阿史那思摩自然知道康蘇密的心思,溫言道“吾亦知此事難為你了,可是眼下形勢如此,又有什麼辦法?栗特人若是死光了,吾派遣突厥狼騎殿後,狼騎死光了,吾親自上陣!即便所有的戰士儘皆戰死,亦要護著這些部眾抵達馬邑!你要知道,這裡頭可不僅僅是突厥人,你的部族亦在其中!突厥人死光了,難不成你認為栗特人還能苟活?”
當初康蘇密投靠頡利可汗,便是率領整個部落來投,後來投降大唐,也是將整個部落都帶過去,及至後來李二陛下將他安插在定襄城,一則輔佐,一則監控,他的部落自然隨著他一起落腳定居在定襄城……
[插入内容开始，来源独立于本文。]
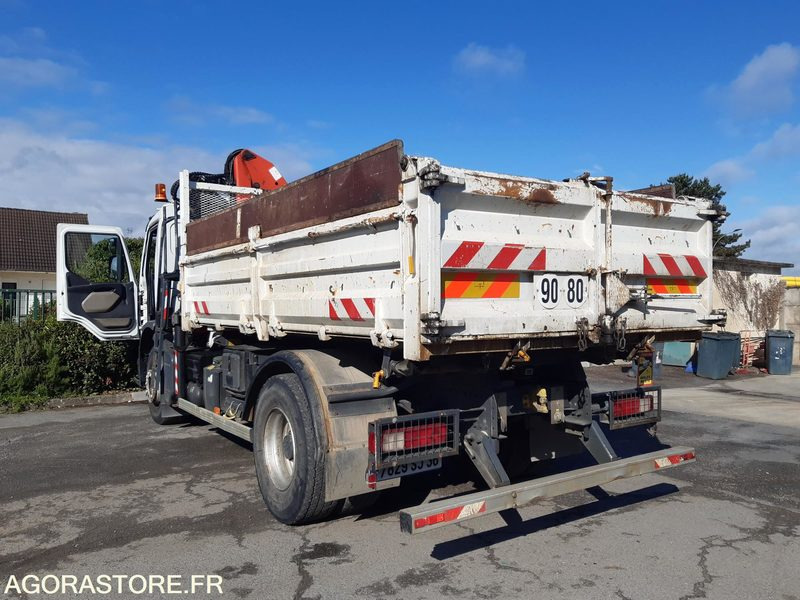 Renault Premium 280 DXi équipé Grue et Tribenne - Camión: foto 5 Renault Premium 280 DXi équipé Grue et Tribenne - Camión: foto 5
康蘇密這人陰險奸詐,但是對於族人來說,卻是一個合格的族長。
聽著阿史那思摩威脅滿滿的話語,康蘇密怒氣儘去,心中唯有無限悲涼……
從當初為了活命投降大唐的那一刻起,他與自己的部族,就算是走上了一條兩麵三刀的不歸之路。大唐隻將他當做一條狗,用以牽製監視突厥人,因為突厥人永遠不會原諒他當初的背叛。
他以為自己對於大唐還有一點用處,結果人家根本沒將他當回事兒。